Enrico Castellani, an Italian artist best known for his monochrome canvases stretched over patterns of nails, was formally trained as an architect. Castellani first began making art whilst working in the architectural practice of Franco Bruzzi, who collaborated in his early works. In 1959 Castellani created the seminal Black Surface in Relief (Superficie nera in rilievo) by placing hazelnuts behind a canvas. Since then he continued to reprocess the potent vocabulary established in that work creating unexpected topographies, the nails replacing the hazelnuts in the constructions.
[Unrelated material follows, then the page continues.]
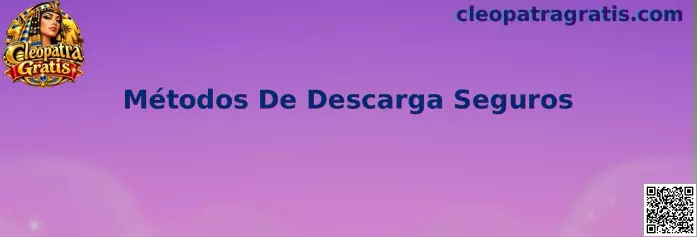 Métodos De Descarga Seguros para Cleopatra Gratis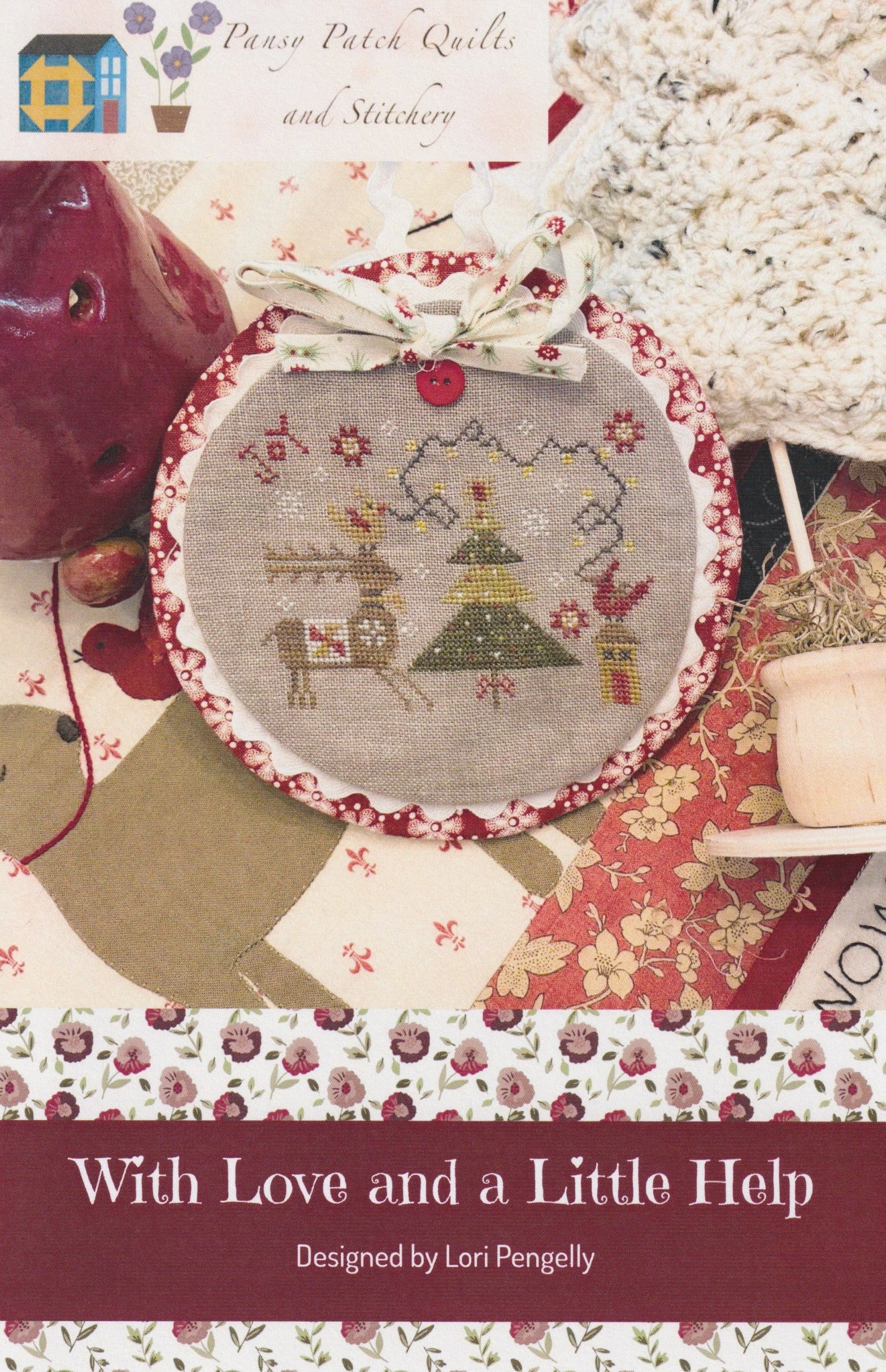 With Love and a Little Help by Pansy Patch Quilts and Stitchery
These unique works drew on the influence of Lucio Fontana and Arte Povera, and are generally considered to anticipate Minimalism and Conceptual Art.
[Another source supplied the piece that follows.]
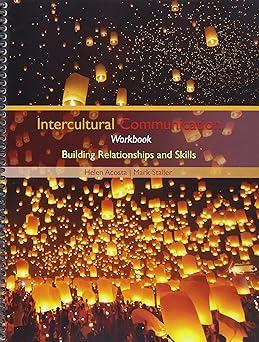 intercultural communications building relationships and skills 1st edition acosta helen, staller mark l,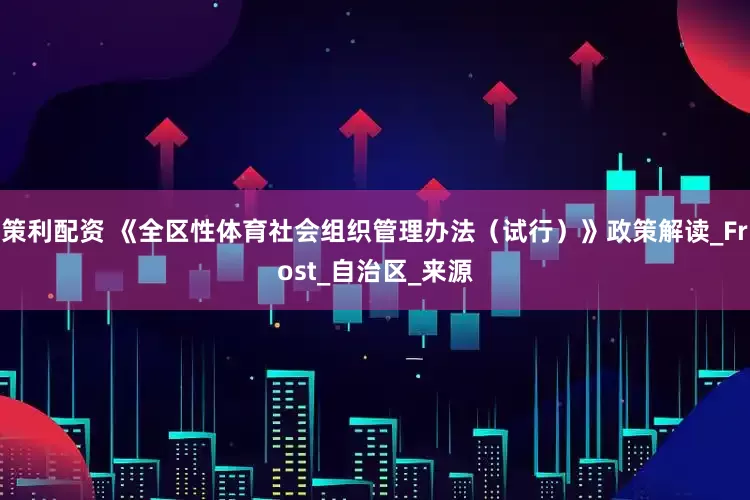 策利配资 《全区性体育社会组织管理办法（试行）》政策解读_Frost_自治区_来源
Castellani has been credited with 'liberating' the painted surface, although he also worked in other media, including paper into which he would emboss rythmic patterns.
Castellani has represented Italy at the Venice Biennale, and his work has been shown at MoMA and the Solomon R. Guggenheim Museum in New York, and the Centre Georges Pompidou, Paris. Retrospective exhibitions of his work have been held at The Pushkin Museum of Fine Arts, Moscow, Russia; Kettle's Yard in Cambridge; The Fondazione Prada in Milan; Galleria Civica di Arte Contemporanea in Trento; Palazzo Fabroni in Pistoia. Castellani received the Praemium Imperiale for Painting in 2010, the first Italian artist to be awarded this honour.